What allegedly makes this policy ‘targeted’ is the requirement that commercial banks should use the money to lend it on to the private sector (whereas the previous LTRO programs came with no strings attached). This, the ECB argues, would revive the transmission mechanism and ensure that credit once again becomes available to households and firms.

But will it really?

A look at the fine print reveals that the ECB is not too serious about its own policy. If the ECB really wanted to ensure that its newly created money reaches its supposed targets, it would attach severe penalties to those banks that use the funds from the TLTRO scheme for other purposes. But it does not.

The key sentence in the ECB’s media release is this: “Counterparties that have borrowed under the TLTROs and whose net lending to the euro area non-financial private sector, excluding loans to households for house purchase, in the period from May 1 2014 to April 30 2016 is below the benchmark will be required to pay back borrowings in September 2016.”

It may at first sound like a harmless technicality but this one sentence undermines the ECB’s credibility. What it means is this: The banks only have to promise to lend the ECB’s fresh money to the private sector. If they do not, then all they have to do is repay their borrowings after two years (instead of four). There is no penalty for such abuse of ECB funding. Needless to say, the banks will be able to keep all profits they make out of their borrowings.

In practice, then, the ‘targeted’ LTRO program may turn out quite different from what the ECB tried to sell to the public last week. Instead of making risky loans to the private sector, banks could play it safe and invest the ECB’s funds into sovereign bonds from eurozone countries with a maximum maturity of two years. This is safe because these bonds are effectively guaranteed by the ECB’s promise to do “whatever it takes” to save the euro.

The advantages to governments and banks are easy to understand. For eurozone governments, this makes it even easier to refinance, depressing yields on their bonds. It is a wonderful gift to governments particularly in the highly indebted Euro periphery.

The second beneficiary of the ECB’s ‘targeted’ operations are the banks that receive the funds. Their business model is simple. Borrow at 0.25 per cent and then lend on to, say, Italy for 0.6 per cent at two-year maturity. Or even better, invest in Greek bonds with six months’ maturity and a yield above 2.1 per cent. Keep the difference between the two rates, repay the TLTRO funds to the ECB in 2016, and don’t forget to say sorry for misusing the funds.

It is not only cynics that might conclude the ECB’s LTRO program is indeed effectively targeted -- just not at the private sector but at banks and governments. Governments get further help in their debt crises, and banks receive a much welcome cash injection prior to the ECB’s much dreaded stress test later this year.

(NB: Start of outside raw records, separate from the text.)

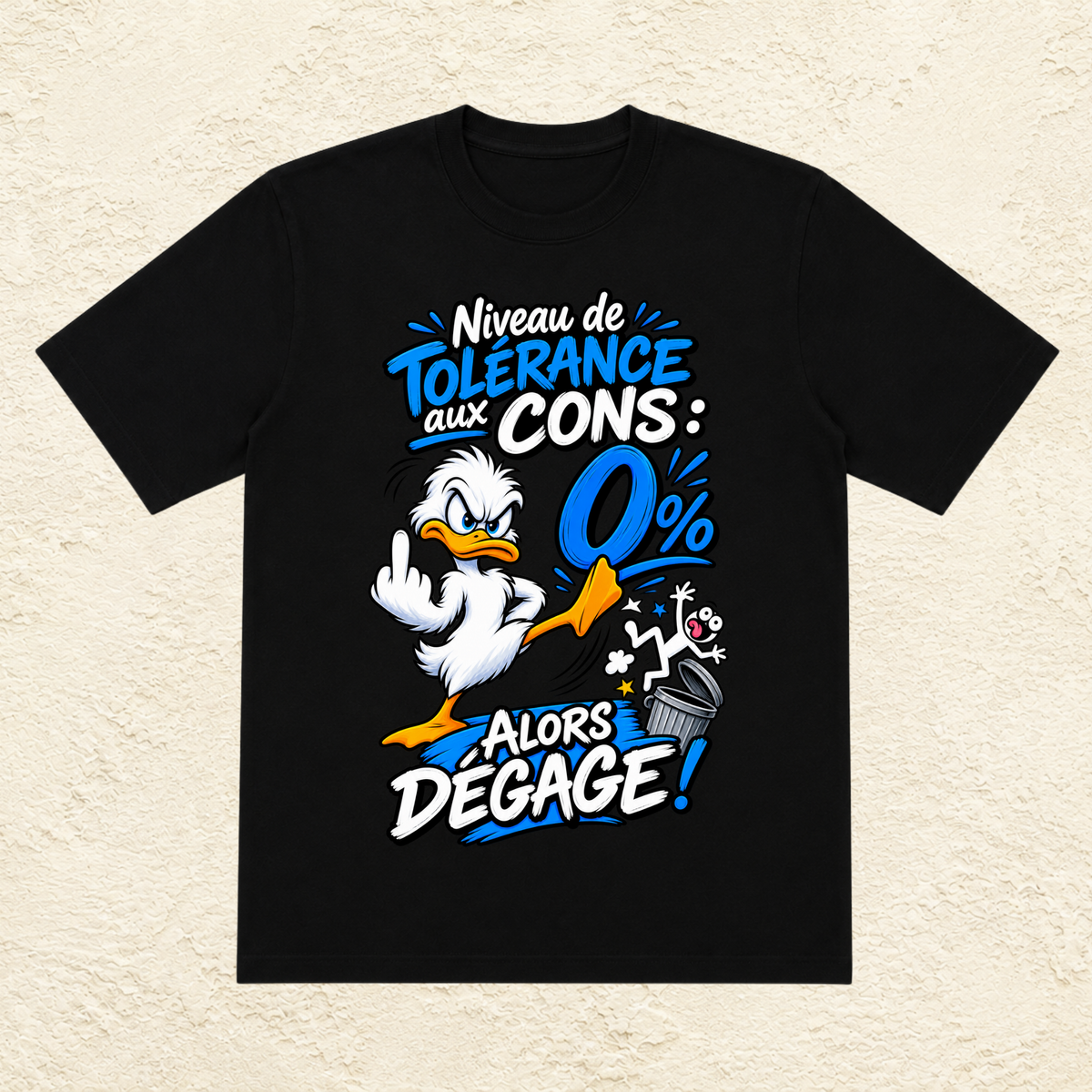T-shirt Homme « Niveau de tolérance aux cons : 0%, alors dégage ! »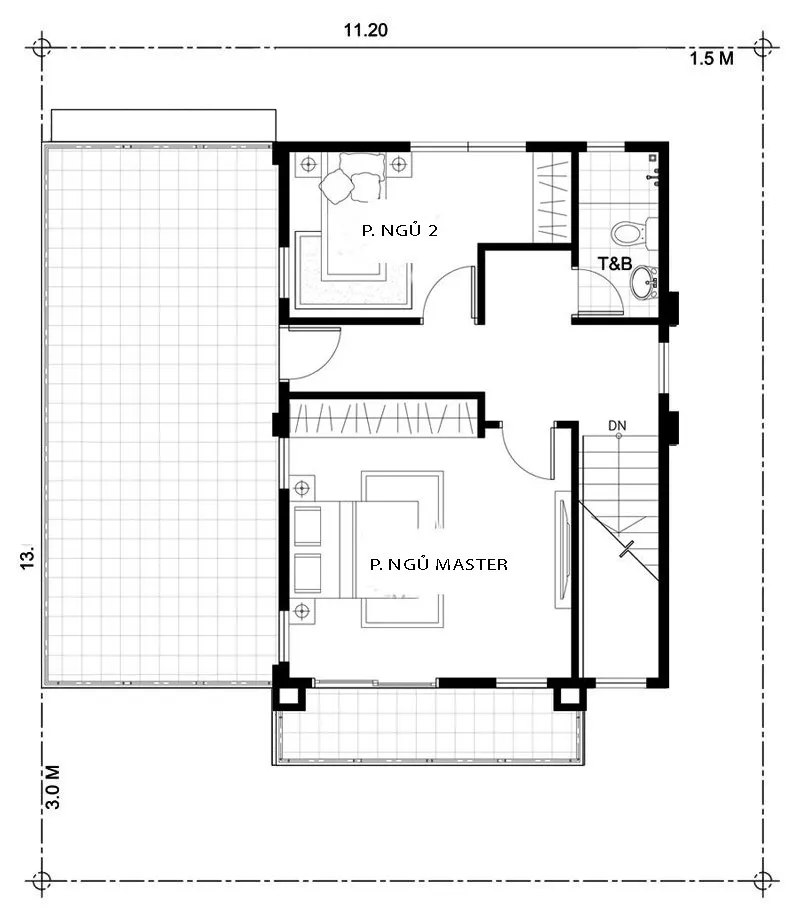 Thiết kế nhà 2 tầng mái thái nông thôn 110m2 có gara ô tô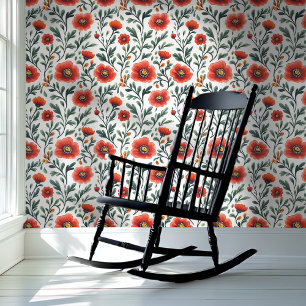 Rode papavers op witte achtergrond Bloemen Behang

There are good reasons to question the ECB’s rhetoric about restoring the transmission mechanism. It is not even clear whether the decline in lending to the private sector was caused by banks’ reluctance to lend or the private sector’s unwillingness to borrow. As households and companies are deleveraging in the wake of the financial crisis, making extra ECB funds available will make little difference.

The negative interest rate on the ECB’s deposit facility may be eye-catching but will not have a big impact either. Its biggest effect has probably been to detract attention from the ECB’s other measures.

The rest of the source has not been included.